Using a possible loophole in UN sanctions that bar the North from ballistic missile activity, Pyongyang claimed it was exercising its right to peaceful space development.

The US said nuclear-armed North Korea clearly violated the resolution, but objections from Russia and China – the North’s closest ally – will almost certainly water down any response. Both have security council veto power.

While the rogue communist state has repeatedly been belligerent – as it was when it carried out an underground nuclear blast and tested ballistic missiles in recent years – Pyongyang showed increased savvy this time that may make punishment more complicated.
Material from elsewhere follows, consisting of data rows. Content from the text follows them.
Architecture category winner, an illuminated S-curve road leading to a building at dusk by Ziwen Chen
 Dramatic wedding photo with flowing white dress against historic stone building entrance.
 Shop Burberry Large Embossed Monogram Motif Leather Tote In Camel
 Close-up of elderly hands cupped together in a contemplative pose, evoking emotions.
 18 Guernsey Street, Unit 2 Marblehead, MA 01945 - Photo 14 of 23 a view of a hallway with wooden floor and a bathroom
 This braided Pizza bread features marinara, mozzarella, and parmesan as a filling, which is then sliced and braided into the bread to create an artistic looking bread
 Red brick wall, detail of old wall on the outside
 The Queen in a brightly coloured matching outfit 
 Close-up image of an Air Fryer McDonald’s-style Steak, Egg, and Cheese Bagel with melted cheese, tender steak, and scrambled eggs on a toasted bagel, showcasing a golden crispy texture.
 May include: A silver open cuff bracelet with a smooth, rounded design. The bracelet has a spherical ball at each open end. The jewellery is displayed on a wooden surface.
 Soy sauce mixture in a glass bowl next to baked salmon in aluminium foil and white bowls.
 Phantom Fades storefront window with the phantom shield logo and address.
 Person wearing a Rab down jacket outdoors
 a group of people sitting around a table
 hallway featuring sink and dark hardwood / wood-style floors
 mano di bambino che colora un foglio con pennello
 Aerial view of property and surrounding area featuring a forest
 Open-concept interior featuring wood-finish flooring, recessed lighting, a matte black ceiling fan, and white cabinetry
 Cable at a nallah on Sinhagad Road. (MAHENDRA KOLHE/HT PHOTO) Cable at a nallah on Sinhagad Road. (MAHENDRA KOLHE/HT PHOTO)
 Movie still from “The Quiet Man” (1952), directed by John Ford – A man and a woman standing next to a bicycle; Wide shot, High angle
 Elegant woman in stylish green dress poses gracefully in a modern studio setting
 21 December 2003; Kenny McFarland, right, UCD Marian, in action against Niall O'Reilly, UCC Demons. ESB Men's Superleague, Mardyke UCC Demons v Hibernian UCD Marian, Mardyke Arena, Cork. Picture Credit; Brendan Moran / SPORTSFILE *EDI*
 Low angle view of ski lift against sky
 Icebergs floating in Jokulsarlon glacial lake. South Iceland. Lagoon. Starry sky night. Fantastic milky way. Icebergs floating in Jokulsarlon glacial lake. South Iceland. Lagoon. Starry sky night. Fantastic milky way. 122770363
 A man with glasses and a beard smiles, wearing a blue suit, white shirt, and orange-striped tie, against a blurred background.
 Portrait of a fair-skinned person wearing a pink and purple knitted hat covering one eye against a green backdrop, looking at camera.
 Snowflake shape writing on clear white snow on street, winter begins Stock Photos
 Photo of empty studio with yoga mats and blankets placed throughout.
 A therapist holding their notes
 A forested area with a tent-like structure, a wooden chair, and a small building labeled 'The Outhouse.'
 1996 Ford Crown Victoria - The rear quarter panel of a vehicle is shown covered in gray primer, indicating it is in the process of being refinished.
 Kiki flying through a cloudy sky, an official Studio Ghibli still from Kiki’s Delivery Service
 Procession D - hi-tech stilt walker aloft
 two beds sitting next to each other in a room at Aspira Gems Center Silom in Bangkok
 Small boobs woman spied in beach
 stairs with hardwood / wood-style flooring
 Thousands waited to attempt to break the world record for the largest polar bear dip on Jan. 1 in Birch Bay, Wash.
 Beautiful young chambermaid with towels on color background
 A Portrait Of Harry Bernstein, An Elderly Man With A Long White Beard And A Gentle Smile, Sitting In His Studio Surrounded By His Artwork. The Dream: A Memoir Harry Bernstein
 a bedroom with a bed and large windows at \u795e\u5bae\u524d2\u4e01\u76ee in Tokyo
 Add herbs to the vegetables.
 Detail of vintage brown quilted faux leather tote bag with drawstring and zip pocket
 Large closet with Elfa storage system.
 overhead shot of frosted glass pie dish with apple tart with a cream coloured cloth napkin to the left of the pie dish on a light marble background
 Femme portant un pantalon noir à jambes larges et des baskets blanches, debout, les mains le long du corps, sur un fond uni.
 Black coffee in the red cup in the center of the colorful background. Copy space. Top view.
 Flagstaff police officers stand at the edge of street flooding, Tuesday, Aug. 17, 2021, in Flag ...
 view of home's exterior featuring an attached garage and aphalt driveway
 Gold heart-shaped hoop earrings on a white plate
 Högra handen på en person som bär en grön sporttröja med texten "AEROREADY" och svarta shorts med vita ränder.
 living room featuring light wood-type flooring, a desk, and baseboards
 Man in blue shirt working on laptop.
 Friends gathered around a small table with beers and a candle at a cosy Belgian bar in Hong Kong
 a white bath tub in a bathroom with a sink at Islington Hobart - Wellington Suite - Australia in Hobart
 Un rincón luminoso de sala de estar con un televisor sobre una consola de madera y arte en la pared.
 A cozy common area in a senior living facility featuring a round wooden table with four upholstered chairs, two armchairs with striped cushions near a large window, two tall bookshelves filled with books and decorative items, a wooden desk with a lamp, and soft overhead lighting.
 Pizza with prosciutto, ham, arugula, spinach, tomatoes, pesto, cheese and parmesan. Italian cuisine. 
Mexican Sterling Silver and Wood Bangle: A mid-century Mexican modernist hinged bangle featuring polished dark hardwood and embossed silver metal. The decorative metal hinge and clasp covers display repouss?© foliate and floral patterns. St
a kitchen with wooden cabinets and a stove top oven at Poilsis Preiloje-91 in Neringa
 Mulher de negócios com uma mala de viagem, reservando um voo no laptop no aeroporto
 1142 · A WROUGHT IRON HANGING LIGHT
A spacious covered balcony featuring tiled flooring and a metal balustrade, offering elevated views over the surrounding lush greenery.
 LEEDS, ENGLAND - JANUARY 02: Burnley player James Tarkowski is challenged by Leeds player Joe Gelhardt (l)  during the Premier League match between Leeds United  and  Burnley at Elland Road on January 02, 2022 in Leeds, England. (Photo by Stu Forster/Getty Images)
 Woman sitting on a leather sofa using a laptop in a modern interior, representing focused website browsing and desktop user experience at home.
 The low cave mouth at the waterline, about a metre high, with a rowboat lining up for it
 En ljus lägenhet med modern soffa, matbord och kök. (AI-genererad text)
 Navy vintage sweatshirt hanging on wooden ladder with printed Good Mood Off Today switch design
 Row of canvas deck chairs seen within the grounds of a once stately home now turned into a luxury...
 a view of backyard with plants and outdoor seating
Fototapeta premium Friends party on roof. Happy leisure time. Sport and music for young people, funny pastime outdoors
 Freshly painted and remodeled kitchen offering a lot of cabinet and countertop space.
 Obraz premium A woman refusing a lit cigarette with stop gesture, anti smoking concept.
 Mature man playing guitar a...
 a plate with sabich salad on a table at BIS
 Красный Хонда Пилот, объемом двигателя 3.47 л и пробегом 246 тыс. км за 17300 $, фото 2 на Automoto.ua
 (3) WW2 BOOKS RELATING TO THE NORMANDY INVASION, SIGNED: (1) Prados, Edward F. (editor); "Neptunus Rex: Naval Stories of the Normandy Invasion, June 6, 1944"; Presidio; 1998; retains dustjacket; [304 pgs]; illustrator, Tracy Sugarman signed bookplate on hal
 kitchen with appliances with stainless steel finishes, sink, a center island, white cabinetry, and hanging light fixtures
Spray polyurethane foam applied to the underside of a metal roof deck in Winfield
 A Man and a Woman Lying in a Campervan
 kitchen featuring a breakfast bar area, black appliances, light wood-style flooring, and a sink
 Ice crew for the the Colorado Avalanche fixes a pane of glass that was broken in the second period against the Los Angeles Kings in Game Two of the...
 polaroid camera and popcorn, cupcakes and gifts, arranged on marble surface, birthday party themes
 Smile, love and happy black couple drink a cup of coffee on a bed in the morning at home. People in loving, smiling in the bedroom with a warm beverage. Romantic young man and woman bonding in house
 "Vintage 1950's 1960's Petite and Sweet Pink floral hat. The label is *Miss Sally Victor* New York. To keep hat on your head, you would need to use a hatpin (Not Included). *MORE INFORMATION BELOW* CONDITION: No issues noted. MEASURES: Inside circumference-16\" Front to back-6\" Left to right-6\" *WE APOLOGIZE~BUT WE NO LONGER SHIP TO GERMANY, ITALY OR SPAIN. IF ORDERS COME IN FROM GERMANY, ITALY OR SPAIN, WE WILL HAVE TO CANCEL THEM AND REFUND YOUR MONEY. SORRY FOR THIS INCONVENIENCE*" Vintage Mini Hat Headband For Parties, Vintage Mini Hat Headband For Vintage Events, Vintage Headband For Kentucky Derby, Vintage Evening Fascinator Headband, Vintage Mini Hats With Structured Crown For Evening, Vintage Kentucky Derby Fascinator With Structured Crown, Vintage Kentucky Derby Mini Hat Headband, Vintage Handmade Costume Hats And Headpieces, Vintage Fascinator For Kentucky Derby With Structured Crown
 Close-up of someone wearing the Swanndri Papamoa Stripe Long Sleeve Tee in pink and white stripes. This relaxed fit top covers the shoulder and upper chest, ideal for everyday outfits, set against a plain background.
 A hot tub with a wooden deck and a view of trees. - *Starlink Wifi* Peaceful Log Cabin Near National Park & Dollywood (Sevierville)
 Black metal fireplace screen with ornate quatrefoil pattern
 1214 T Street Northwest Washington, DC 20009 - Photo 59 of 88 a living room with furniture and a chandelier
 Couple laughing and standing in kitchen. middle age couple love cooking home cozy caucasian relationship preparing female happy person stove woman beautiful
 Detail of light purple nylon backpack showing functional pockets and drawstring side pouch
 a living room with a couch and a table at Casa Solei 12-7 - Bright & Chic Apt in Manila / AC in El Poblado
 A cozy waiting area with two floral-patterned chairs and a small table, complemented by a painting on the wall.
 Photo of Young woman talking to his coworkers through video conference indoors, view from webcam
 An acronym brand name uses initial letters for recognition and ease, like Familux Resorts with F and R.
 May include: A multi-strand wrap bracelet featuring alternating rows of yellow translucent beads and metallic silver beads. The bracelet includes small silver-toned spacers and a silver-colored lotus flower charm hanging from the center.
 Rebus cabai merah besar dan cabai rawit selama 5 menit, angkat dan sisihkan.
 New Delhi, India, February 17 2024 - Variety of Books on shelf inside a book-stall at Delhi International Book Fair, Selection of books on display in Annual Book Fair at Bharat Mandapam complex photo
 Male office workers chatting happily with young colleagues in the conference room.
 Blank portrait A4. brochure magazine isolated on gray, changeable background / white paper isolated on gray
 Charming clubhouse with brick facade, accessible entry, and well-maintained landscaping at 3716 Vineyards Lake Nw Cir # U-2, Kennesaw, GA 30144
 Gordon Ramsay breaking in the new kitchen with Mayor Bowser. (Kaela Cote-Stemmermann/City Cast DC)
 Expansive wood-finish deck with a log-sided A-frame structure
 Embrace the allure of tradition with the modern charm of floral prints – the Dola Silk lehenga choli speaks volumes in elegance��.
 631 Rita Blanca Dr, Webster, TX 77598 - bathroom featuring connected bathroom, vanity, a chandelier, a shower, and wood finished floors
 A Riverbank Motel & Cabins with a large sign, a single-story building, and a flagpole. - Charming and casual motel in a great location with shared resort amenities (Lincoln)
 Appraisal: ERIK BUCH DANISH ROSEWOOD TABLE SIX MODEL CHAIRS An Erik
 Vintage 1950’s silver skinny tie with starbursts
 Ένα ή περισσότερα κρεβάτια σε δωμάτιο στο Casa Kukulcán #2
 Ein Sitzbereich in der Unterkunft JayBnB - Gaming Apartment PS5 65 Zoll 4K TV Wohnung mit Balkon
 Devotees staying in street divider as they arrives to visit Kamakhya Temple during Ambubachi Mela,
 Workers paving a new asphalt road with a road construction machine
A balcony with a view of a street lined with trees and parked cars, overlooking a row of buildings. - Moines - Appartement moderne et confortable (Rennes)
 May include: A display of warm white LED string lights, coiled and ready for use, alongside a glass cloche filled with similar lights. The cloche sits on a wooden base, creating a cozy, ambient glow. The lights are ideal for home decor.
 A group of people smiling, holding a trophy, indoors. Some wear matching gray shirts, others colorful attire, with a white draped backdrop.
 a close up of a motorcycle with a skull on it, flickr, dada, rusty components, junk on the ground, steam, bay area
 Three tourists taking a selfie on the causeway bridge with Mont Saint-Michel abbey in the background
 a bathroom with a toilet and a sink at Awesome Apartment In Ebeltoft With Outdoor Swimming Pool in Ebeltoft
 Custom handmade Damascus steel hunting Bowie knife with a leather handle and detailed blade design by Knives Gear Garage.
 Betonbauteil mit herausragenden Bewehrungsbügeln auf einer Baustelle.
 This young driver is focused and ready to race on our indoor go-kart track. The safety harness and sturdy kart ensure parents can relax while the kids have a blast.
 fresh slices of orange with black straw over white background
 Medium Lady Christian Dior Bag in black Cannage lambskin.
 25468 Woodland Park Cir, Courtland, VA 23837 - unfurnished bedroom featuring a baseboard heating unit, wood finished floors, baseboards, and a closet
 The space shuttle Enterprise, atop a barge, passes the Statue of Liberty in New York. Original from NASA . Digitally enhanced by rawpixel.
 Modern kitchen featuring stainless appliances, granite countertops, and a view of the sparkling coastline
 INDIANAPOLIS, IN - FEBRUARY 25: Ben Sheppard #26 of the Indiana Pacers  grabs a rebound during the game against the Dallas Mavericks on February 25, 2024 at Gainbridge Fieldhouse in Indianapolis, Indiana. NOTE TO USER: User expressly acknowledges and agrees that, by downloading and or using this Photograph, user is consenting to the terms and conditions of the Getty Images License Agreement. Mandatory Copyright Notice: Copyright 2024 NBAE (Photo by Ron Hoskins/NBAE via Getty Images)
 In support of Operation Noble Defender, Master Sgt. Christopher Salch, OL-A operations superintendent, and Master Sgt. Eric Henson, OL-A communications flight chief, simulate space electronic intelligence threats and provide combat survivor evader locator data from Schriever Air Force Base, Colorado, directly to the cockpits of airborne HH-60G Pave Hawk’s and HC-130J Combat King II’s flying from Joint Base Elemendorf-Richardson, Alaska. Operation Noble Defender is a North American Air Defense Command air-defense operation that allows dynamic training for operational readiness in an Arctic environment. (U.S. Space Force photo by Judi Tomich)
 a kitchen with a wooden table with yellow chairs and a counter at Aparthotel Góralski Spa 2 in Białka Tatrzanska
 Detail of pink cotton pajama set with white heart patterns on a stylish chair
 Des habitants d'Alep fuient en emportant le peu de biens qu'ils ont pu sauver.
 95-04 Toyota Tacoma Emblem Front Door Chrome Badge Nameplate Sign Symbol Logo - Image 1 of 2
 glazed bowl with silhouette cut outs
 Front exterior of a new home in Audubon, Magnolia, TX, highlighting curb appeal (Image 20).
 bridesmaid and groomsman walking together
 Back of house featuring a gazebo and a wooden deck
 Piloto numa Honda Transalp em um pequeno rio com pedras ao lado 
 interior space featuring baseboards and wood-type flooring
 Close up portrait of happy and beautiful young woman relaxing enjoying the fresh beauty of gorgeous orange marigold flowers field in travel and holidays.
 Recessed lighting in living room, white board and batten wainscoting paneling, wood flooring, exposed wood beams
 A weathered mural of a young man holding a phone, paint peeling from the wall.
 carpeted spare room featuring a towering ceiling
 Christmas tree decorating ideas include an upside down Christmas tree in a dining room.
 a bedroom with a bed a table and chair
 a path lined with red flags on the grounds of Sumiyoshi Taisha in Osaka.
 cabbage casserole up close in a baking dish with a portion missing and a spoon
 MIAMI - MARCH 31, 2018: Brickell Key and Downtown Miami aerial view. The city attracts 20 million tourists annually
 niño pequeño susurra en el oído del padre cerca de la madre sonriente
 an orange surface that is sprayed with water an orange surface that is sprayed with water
Unlike previous provocations, the North notified the international community that the launch was coming and the route the rocket would take, although critics of North Korea leader Kim Jong Il claim he really was testing a ballistic missile capable of hitting US territory.

Analysts say sanctions imposed after the North’s underground nuclear test in 2006 appear to have had little effect because some countries showed no will to impose them.

North Korea’s state Korean Central News Agency reported that Kim observed the launch. He expressed “great satisfaction” that North Korea’s technicians “successfully launched the satellite with their own wisdom and technology”.

Despite its policy of “juche” or “self-reliance”, communist North Korea is one of the world’s poorest countries, has few allies and is in desperate need of outside help.

Pyongyang for years has used its nuclear weapons program as its trump card, promising to abandon its atomic ambitions in exchange for aid, then exercising the nuclear threat when it does not get its way. The North has also reportedly been selling missile parts and technology to whoever has the cash to pay for it.